DIRECTIONS FOR THIS TASK: From the records below, print only the part that opens with the line containing "Vintage Red Rose" and closes with the line containing "Contour Boat Neck"; omit the pictures.

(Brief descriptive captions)
----

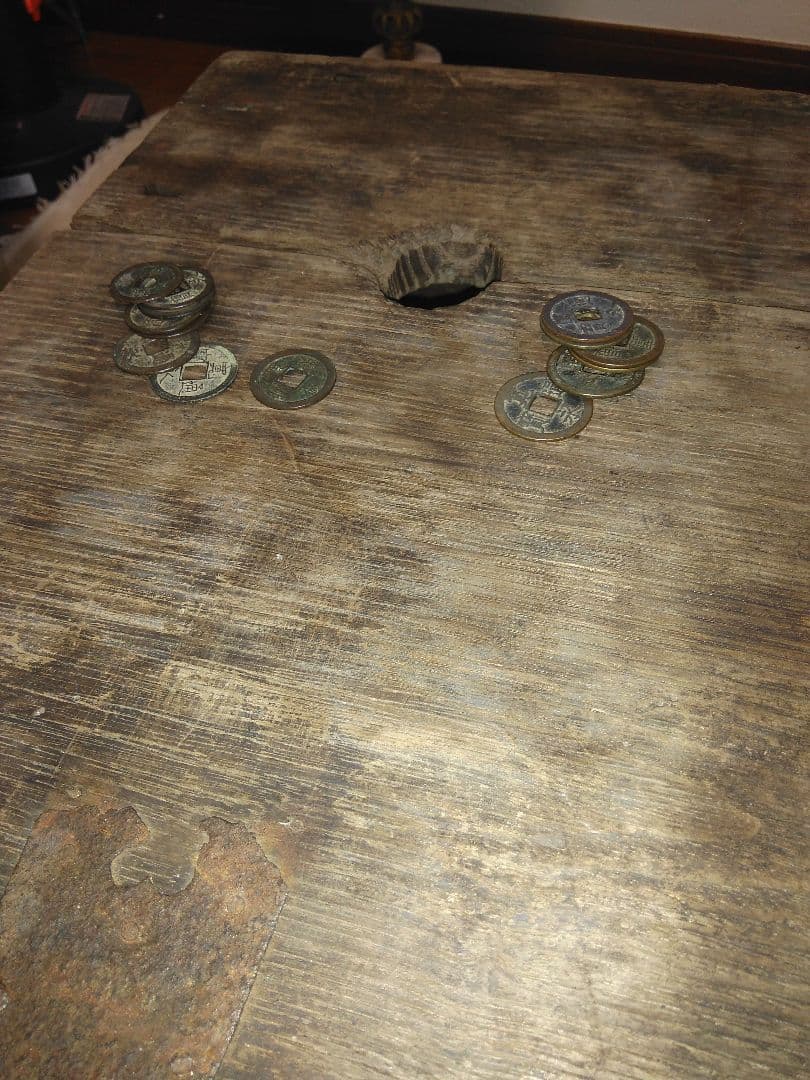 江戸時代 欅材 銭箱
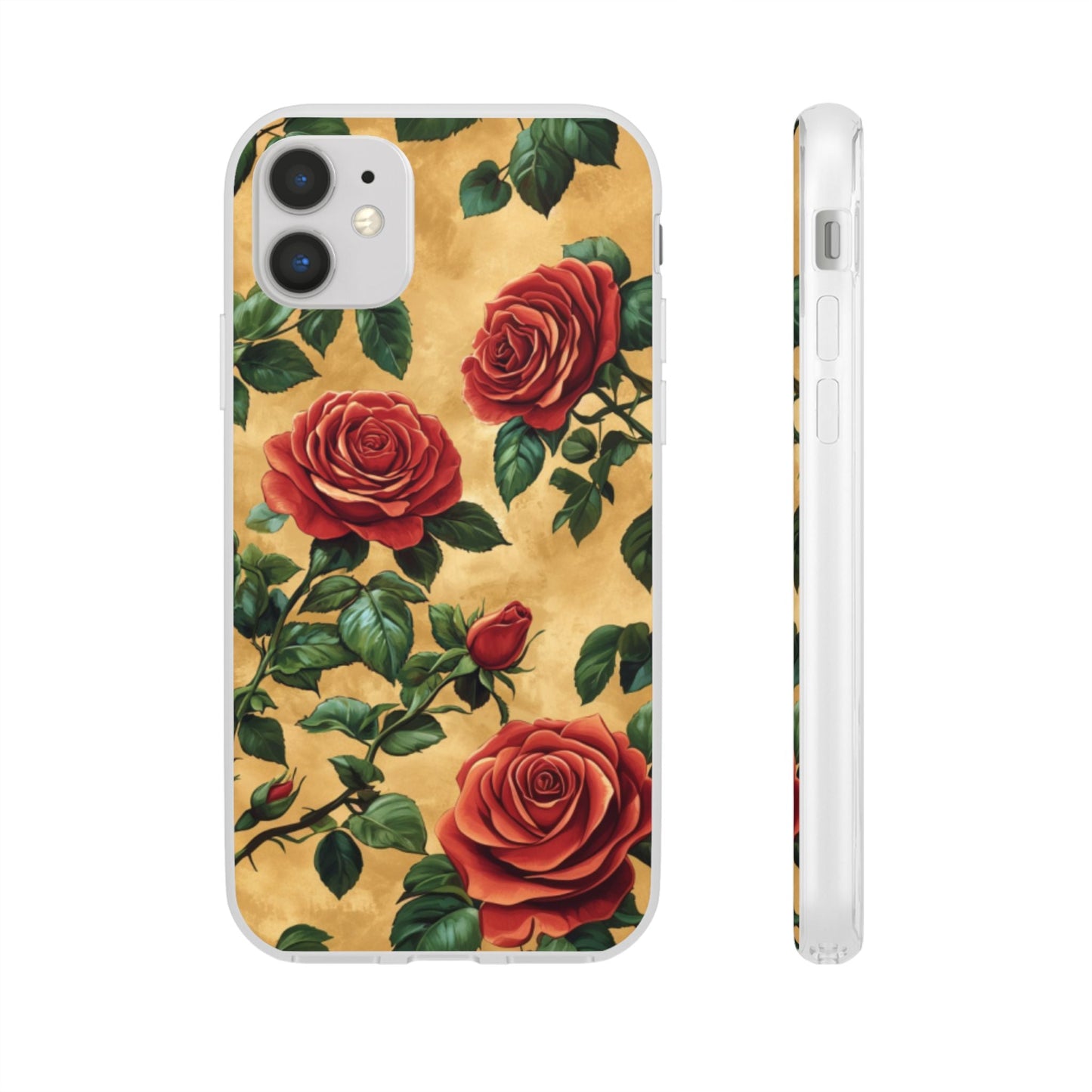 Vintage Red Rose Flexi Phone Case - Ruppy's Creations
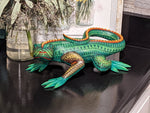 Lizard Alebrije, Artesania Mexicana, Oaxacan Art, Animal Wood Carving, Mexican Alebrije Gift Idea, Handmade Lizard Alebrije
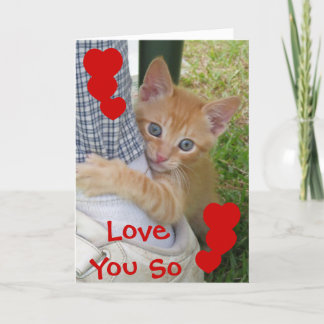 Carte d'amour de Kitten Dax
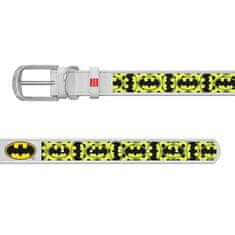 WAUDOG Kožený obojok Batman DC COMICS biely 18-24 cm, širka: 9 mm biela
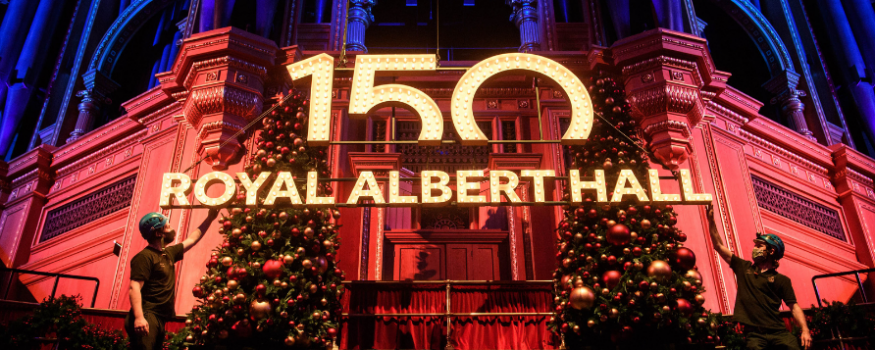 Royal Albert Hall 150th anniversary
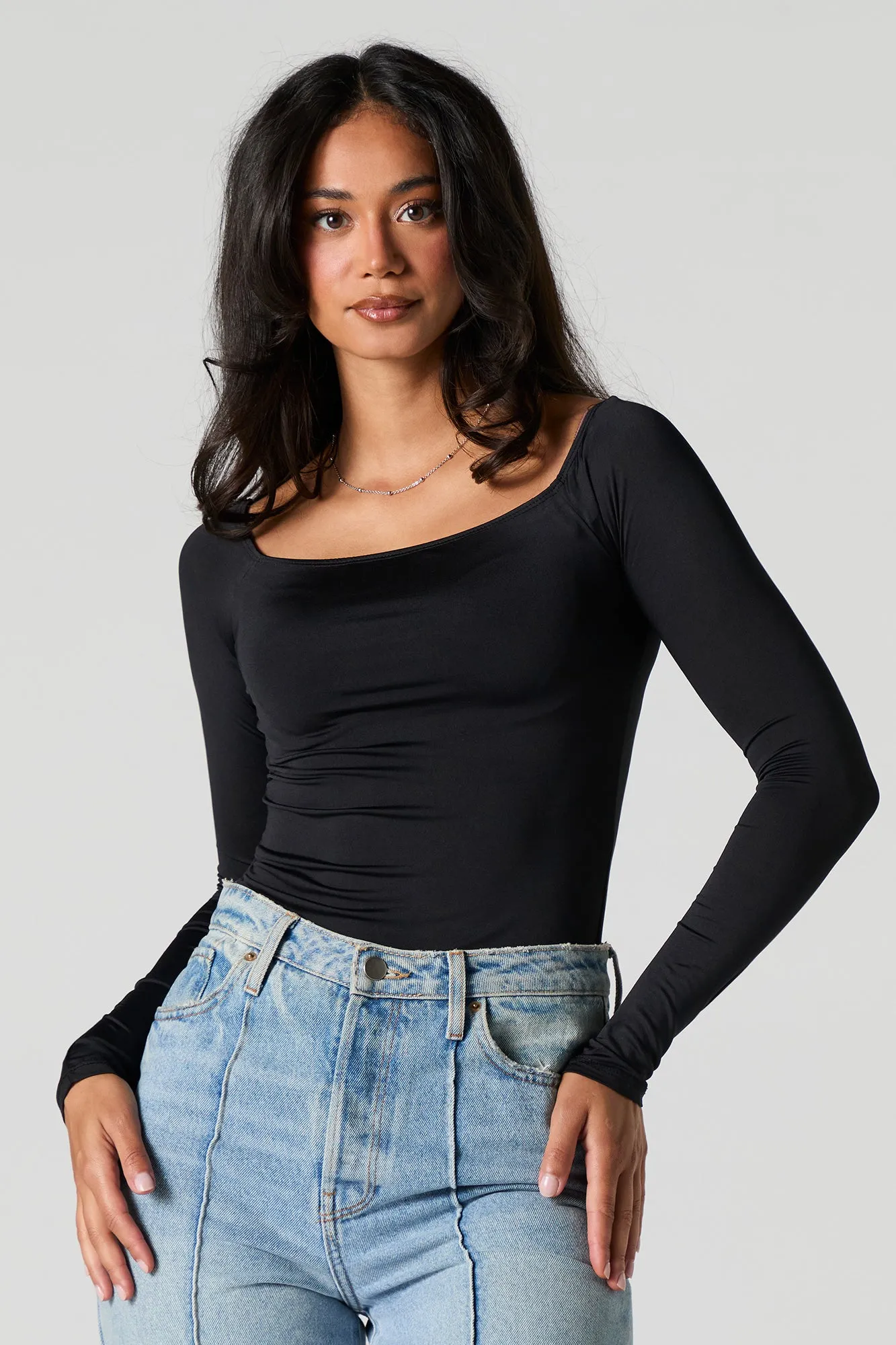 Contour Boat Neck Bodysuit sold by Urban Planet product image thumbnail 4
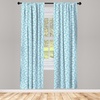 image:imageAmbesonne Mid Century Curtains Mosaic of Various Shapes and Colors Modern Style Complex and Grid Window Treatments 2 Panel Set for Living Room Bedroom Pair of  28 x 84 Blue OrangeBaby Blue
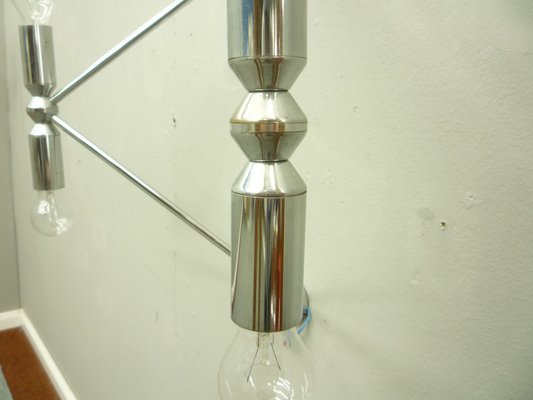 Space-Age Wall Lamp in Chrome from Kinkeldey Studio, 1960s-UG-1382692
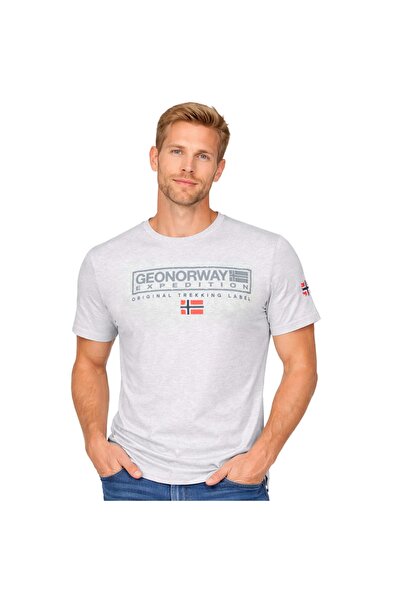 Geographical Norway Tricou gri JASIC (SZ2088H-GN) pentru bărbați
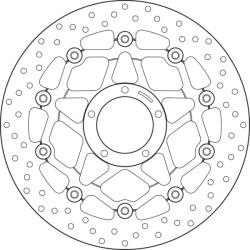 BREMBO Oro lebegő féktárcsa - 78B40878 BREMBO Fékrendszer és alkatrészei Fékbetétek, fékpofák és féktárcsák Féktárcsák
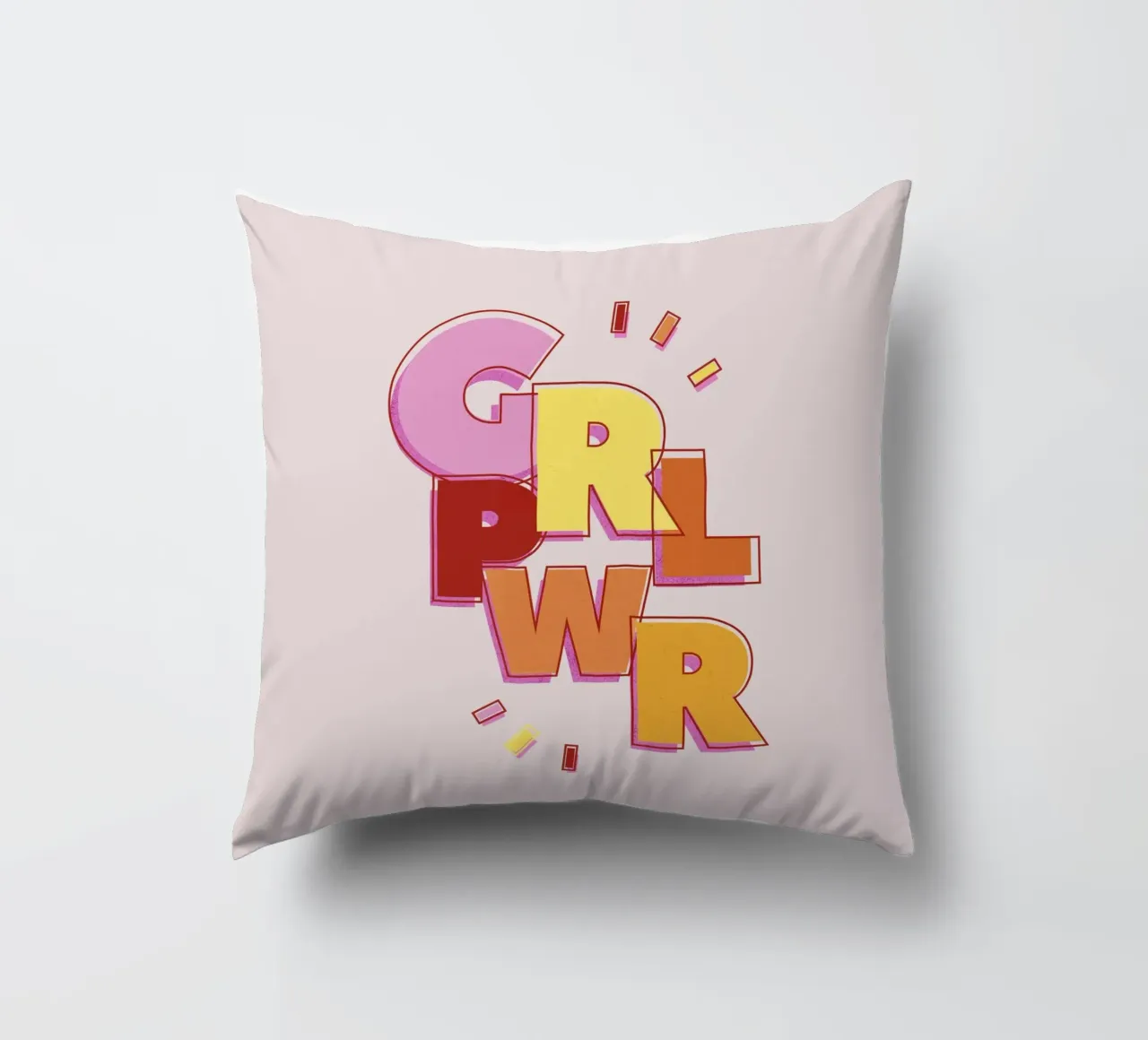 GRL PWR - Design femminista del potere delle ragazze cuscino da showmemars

----

TASK RESULT:
 Vintage Red Rose Flexi Phone Case - Ruppy's Creations
 Lizard Alebrije, Artesania Mexicana, Oaxacan Art, Animal Wood Carving, Mexican Alebrije Gift Idea, Handmade Lizard Alebrije
 Carte d'amour de Kitten Dax
 WAUDOG Kožený obojok Batman DC COMICS biely 18-24 cm, širka: 9 mm biela
 Royal Albert Hall 150th anniversary
 Contour Boat Neck Bodysuit sold by Urban Planet product image thumbnail 4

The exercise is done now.